A 5 hp 4-stroke will be plenty of motor for your boat. One of your main concerns will be shaft length, 15" or 20", referred to as short shaft or long shaft, and is measured from the top inside of the mounting bracket to the horizontal plate, called the cavitation plate, directly above the prop. Measure your Gamefisher; most likely it is a short shaft; I had one. Before you buy, have someone, preferably a little heavier than you, go forward while you are back with the motor. When he is forward at the bow, does your cavitation plate come out of the water. If it does, you should seriously consider the longer shaft option. Check out Onlineoutboards.com for new or Ebay for a used motor.


----------



## zz4gta (Aug 15, 2007)

Those are very good prices for dacron. My boat is a little bigger but was quoted around 1200+ for a mainsail. The main I ended up getting was around $2200. 

If measuring worries you, might want to consider hiring a sailmaker to measure your boat. Although, that may be frowned upon, most of the time sailmakers expect to make a sale after doing the leg work. 

The 7.5 will be fine. I have a 3000 lbs boat with a 3.5hp motor that moves just fine. Although, when the wind and waves are up, it's just better to sail.


----------



## sailortjk1 (Dec 20, 2005)

Another source to mention is FX Sails.
Sunfish Sails, Catalina Sails, Spinnakers, Hobie Sails, Small Boat Sails from the Sail Store

Just be warned, they get mixed reviews.
I have heard very good things about the quality and the price for new sails usually can not be beat.

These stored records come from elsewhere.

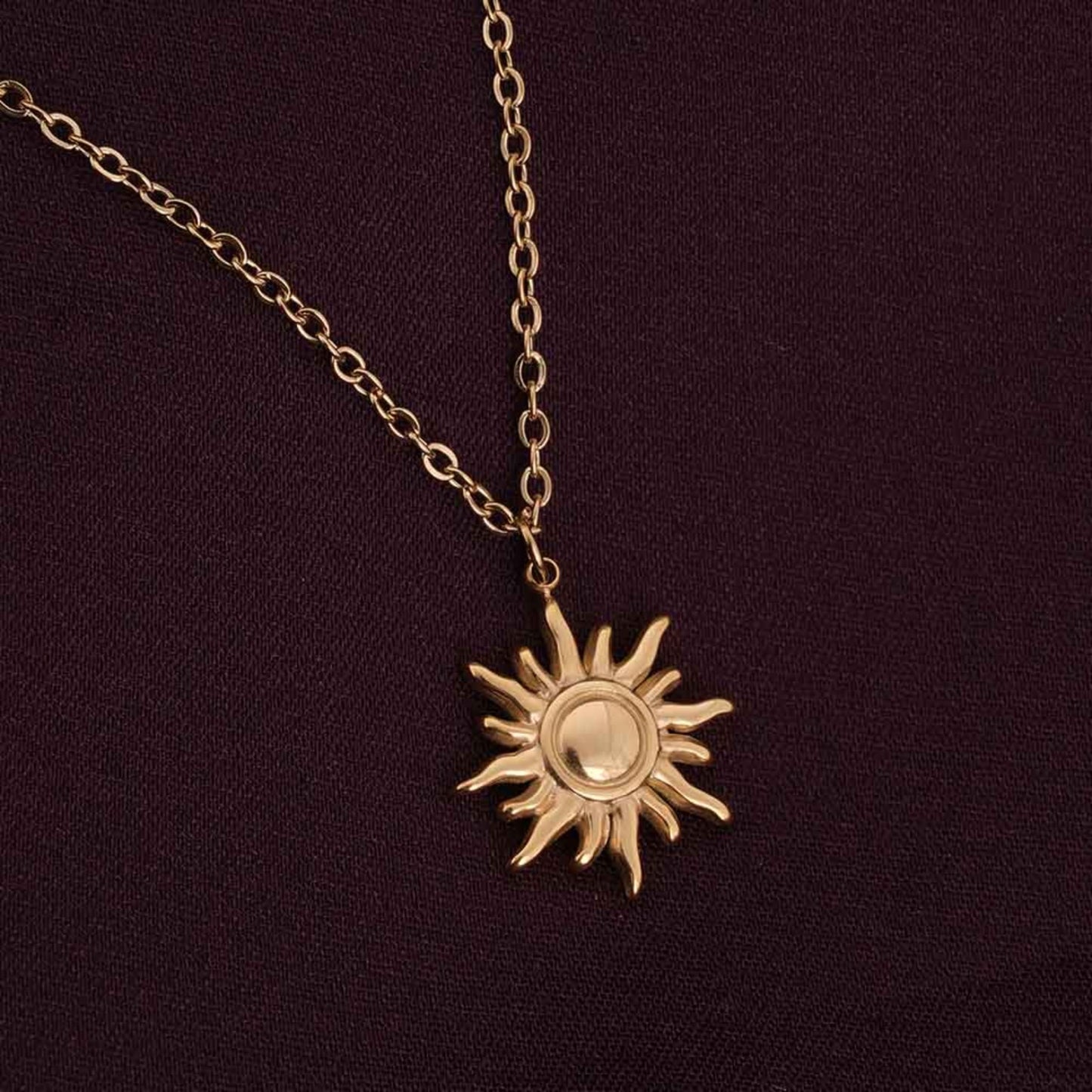 Stainless Steel Gold Plated Glowing Sun Necklace for Woman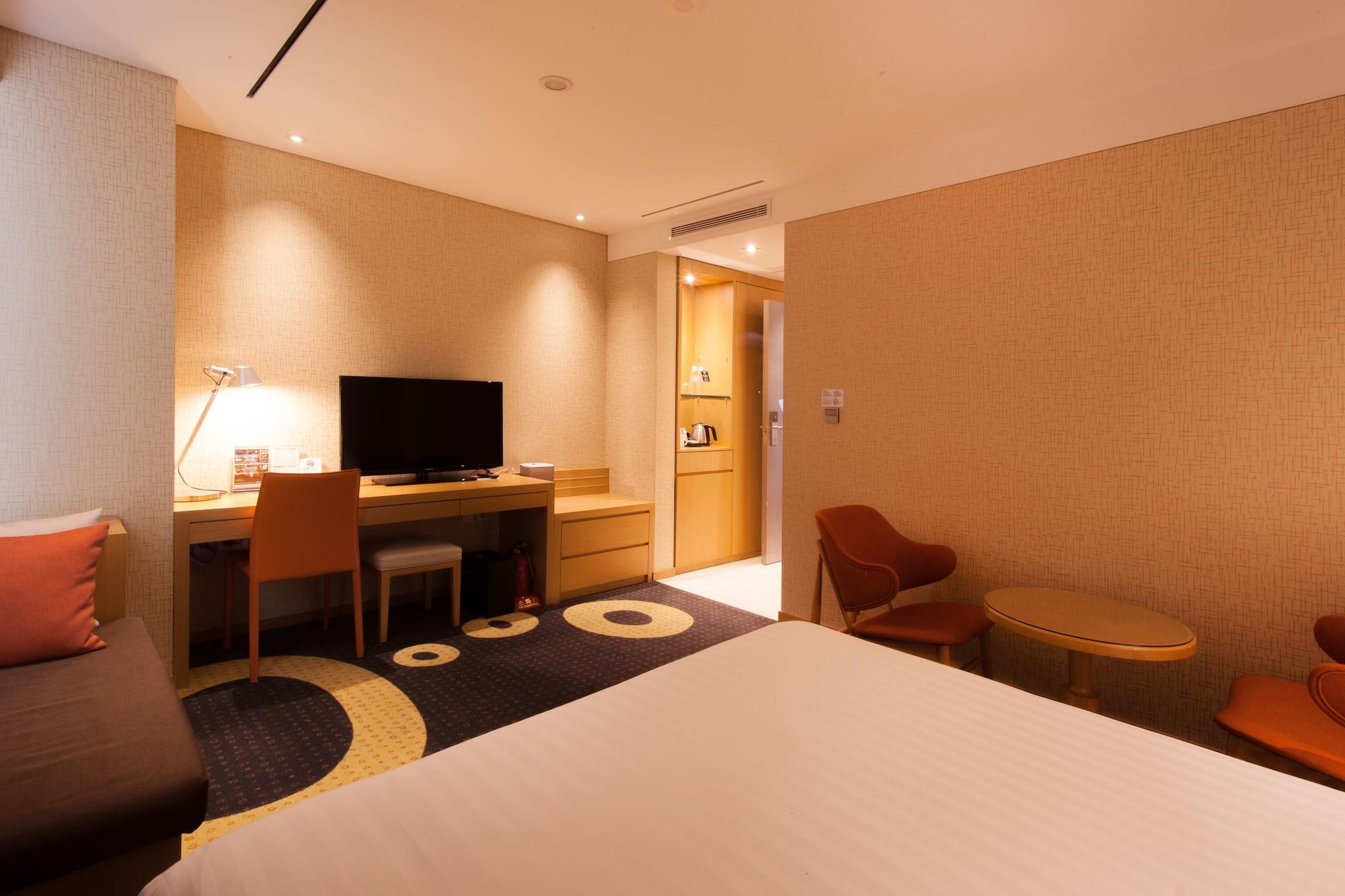 Solaria Nishitetsu Hotel 4*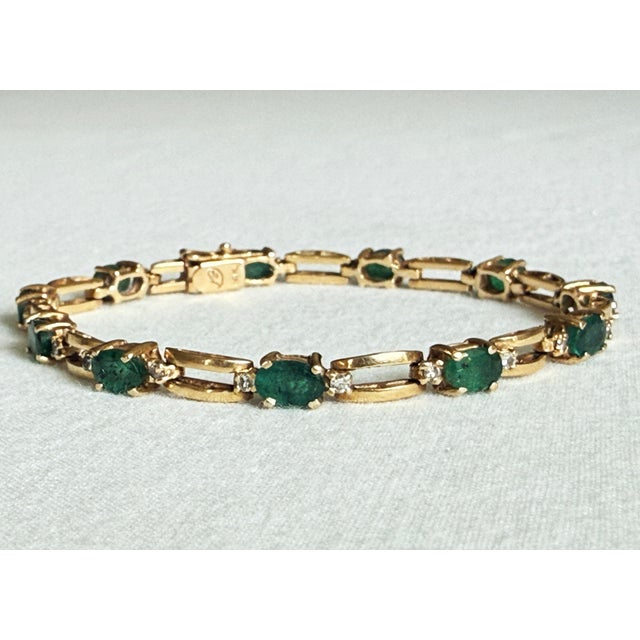 Vintage Michael Anthony 14k Yellow Gold Emerald Diamond Bar Link Tennis Bracelet For Sale - Image 16 of 17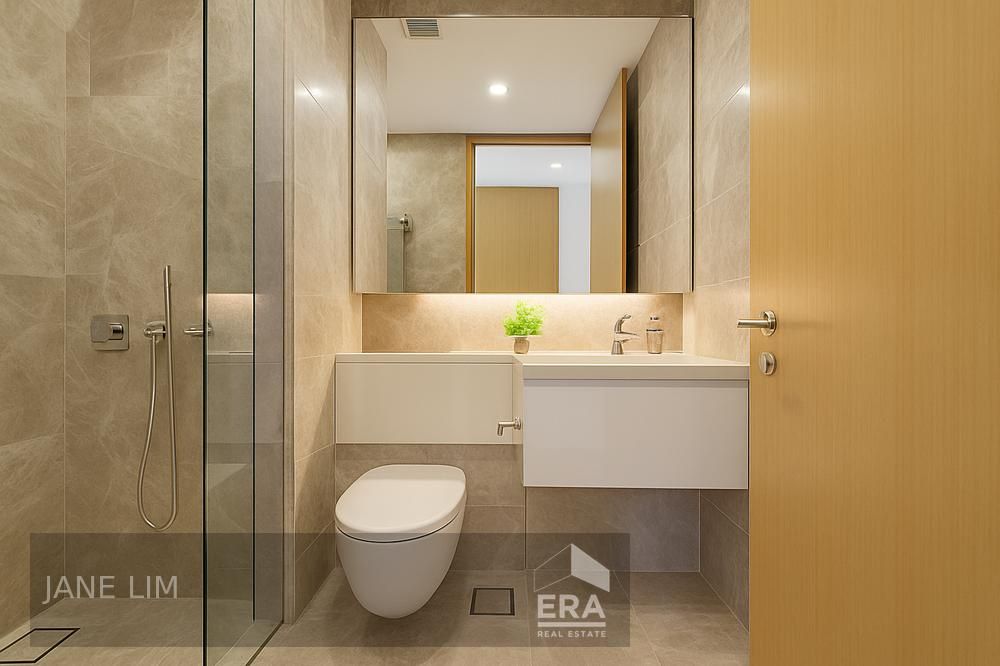 Minutes to Orchard Road, Mrt, Amenities. Overlooking Pool!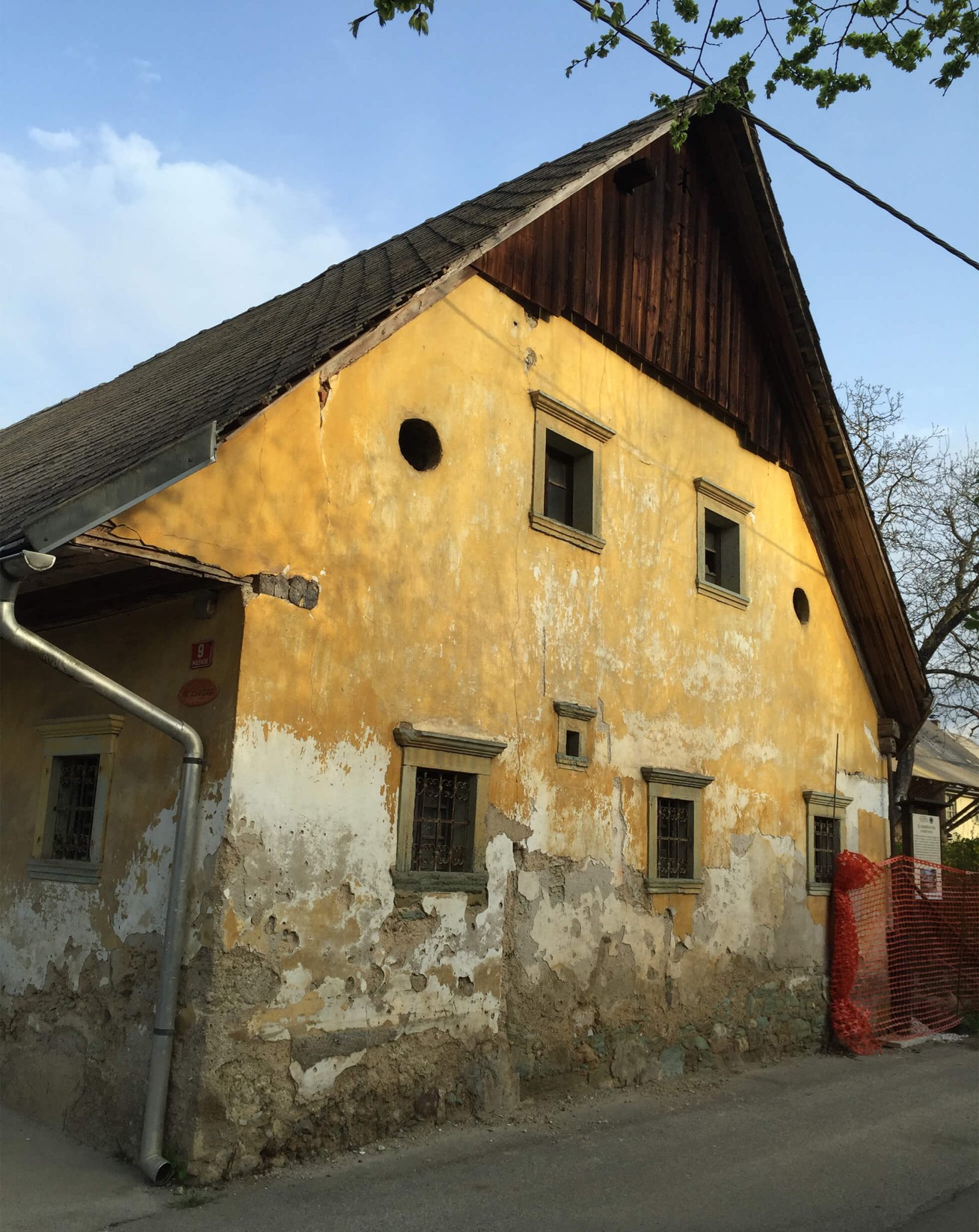 Hiša Kvandrova v Mošnjah pred prenovo.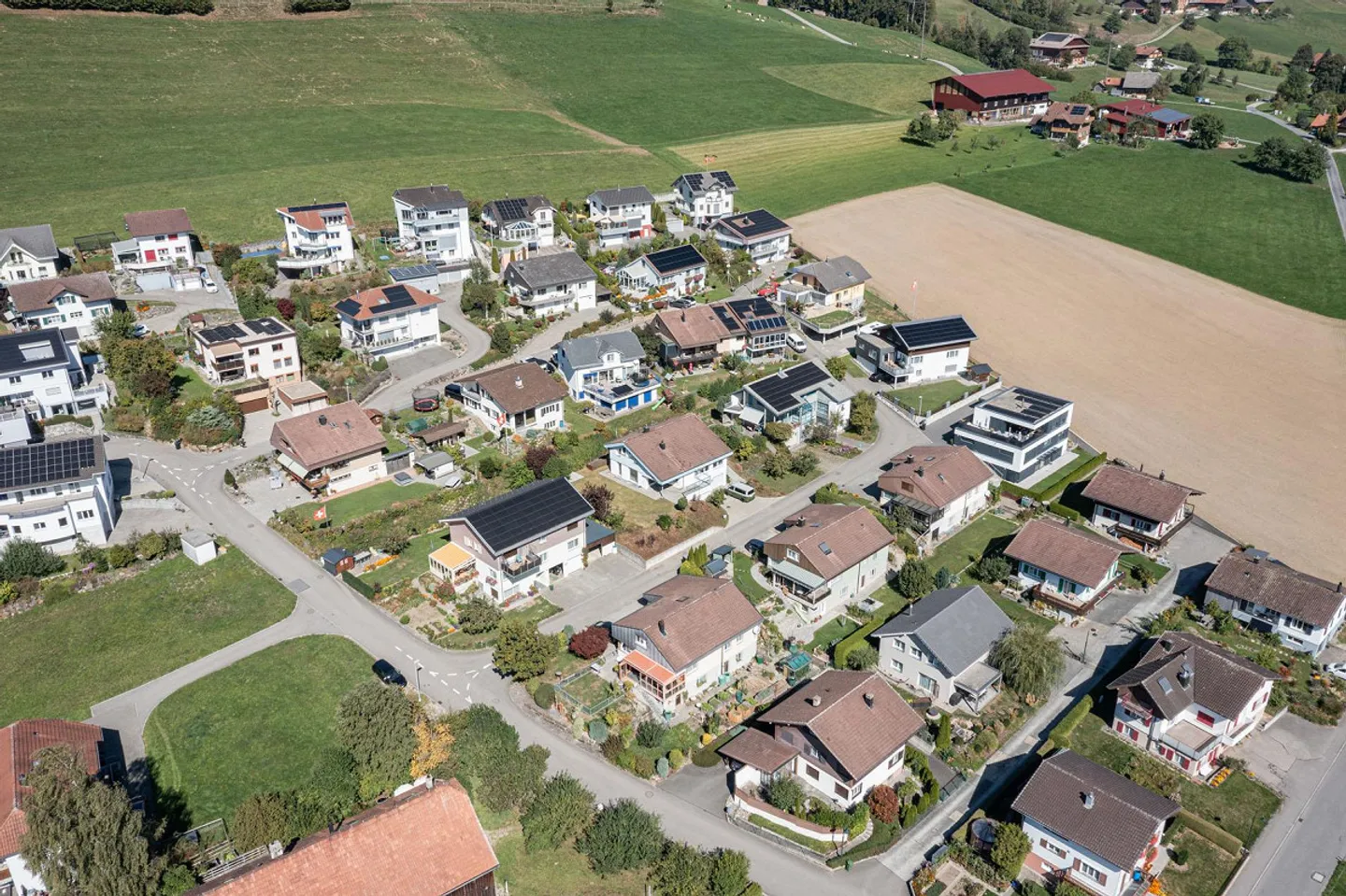 Maison individuelle de 6,5 pièces avec vue dégagée dans un emplacement ensoleillé et calme - Photo 5 sur 30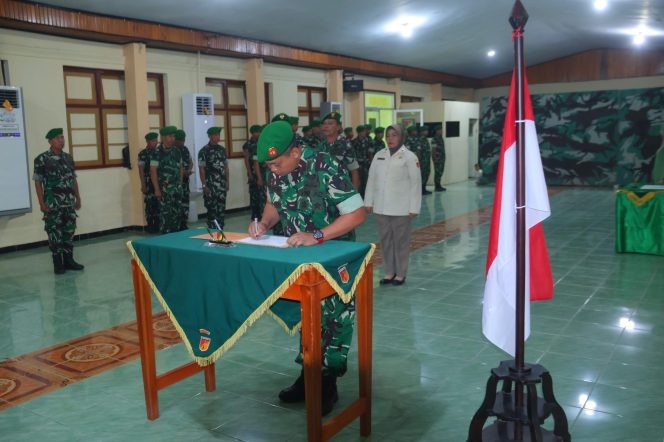 
					Kodim 1304/Gorontalo Gelar Korps Raport Purna Tugas dan Penerimaan Anggota Baru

I have sailed on a boat that uses these sails and for the normal recreational boater, the quality is very good.
The negatives have always been poor delivery time. If you want them new for Spring you should be ok.
Thier on line quote request is very fast and easy.


----------



## [email protected] (Dec 15, 2011)

Check out The Sail Warehouse and National Sail Supply. Both have reasonable prices for cruising sails and are good people to deal with.


----------



## hellosailor (Apr 11, 2006)

fishdragon, beware of measuring your old sails to get dimensions. Old sails are stretched out, and the dimensions will exceed the "correct" dimensions for you boat. When in doubt ask the loft if they have the design specs for your boat, or use a steel (not fiberglass) tape measure and also measure the dimensions on your rig. It is an assumption, sometimes wrong, that the correct original rig is on an old boat. When you're ordering sails--you don't want any assumptions.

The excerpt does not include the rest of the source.